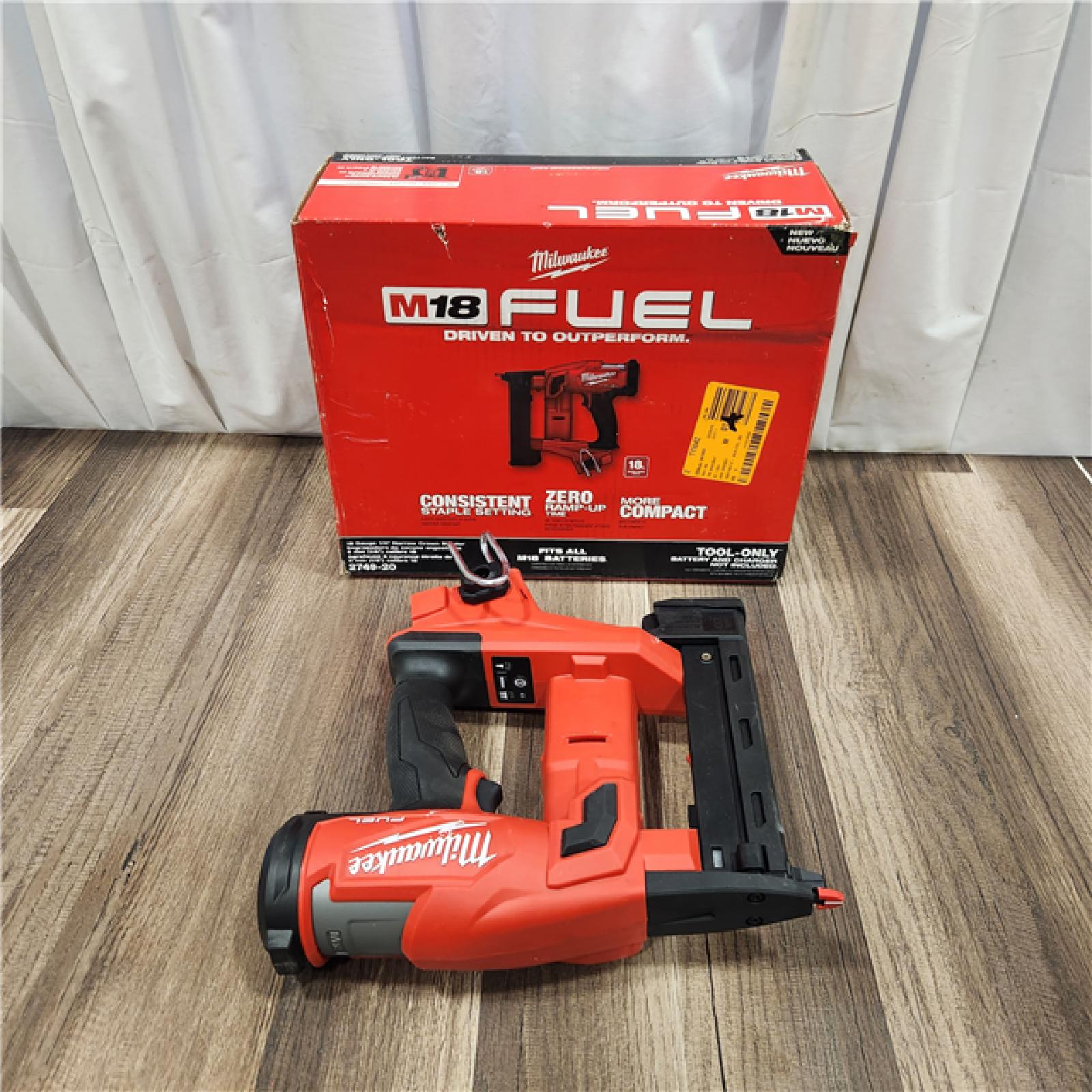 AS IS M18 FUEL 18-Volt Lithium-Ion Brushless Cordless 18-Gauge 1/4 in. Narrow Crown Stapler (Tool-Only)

...

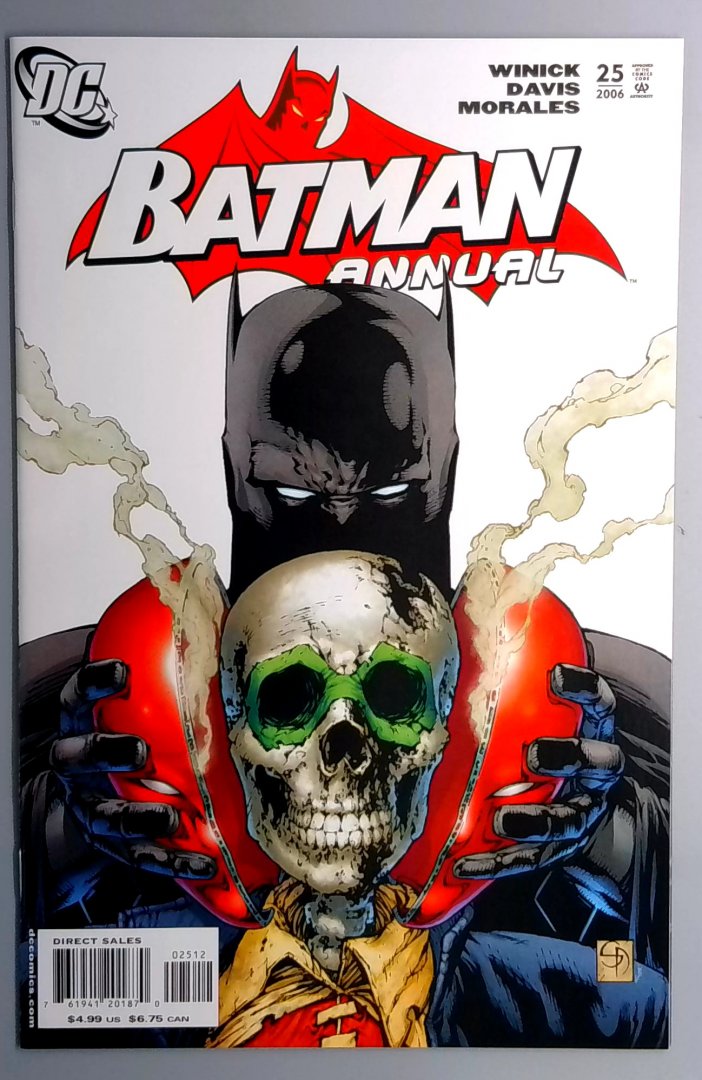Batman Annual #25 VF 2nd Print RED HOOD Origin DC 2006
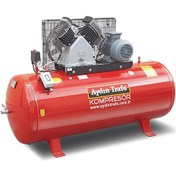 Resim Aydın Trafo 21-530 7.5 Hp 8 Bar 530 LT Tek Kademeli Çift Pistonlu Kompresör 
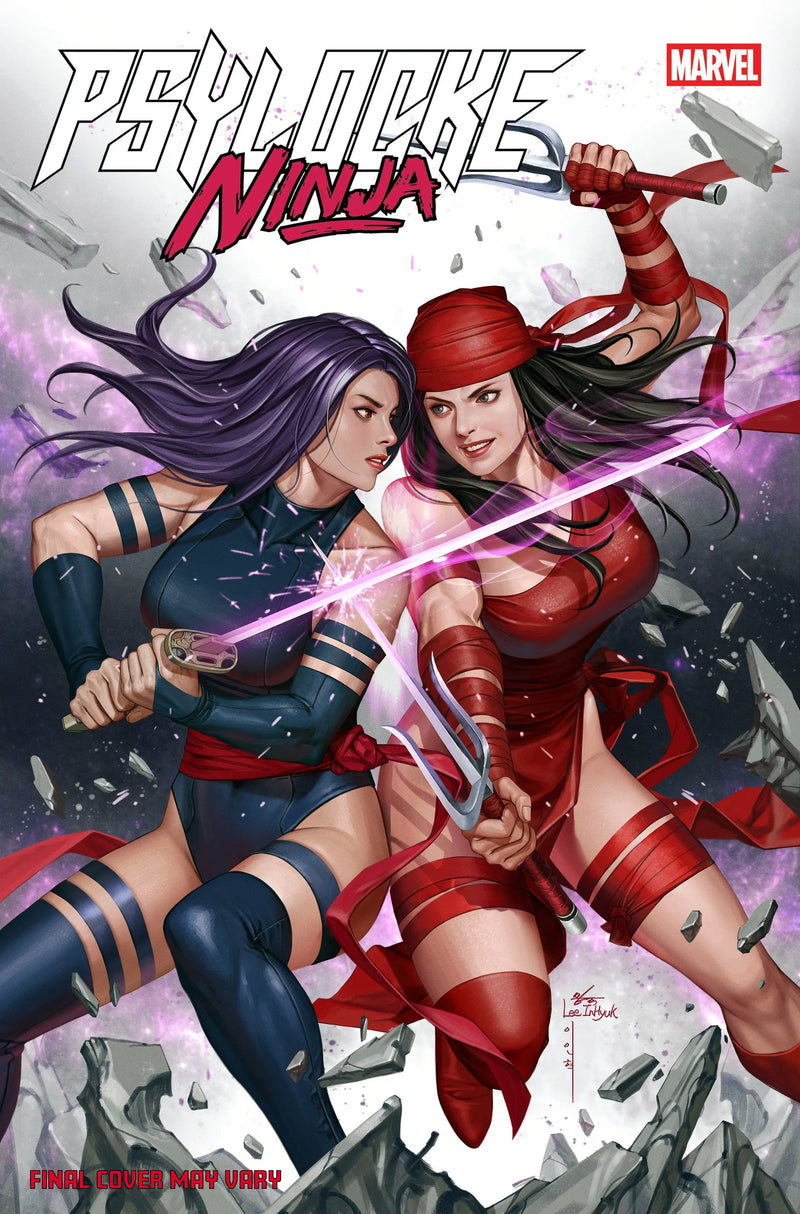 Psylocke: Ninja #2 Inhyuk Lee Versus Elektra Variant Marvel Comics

* * *

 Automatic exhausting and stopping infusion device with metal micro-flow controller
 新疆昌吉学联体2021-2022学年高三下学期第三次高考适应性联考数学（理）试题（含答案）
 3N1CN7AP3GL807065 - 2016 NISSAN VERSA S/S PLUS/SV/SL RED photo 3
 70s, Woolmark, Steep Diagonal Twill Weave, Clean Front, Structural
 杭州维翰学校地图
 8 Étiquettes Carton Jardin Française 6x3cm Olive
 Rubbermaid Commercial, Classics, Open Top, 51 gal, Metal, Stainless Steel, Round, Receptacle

- TASK DETAILS: Drop the pictures; return the lines above from the line containing "Batman Annual #25" to the line containing "Psylocke: Ninja #2", both included, exactly.

- SOLUTION BELOW:
Batman Annual #25 VF 2nd Print RED HOOD Origin DC 2006
 Resim Aydın Trafo 21-530 7.5 Hp 8 Bar 530 LT Tek Kademeli Çift Pistonlu Kompresör 
 Psylocke: Ninja #2 Inhyuk Lee Versus Elektra Variant Marvel Comics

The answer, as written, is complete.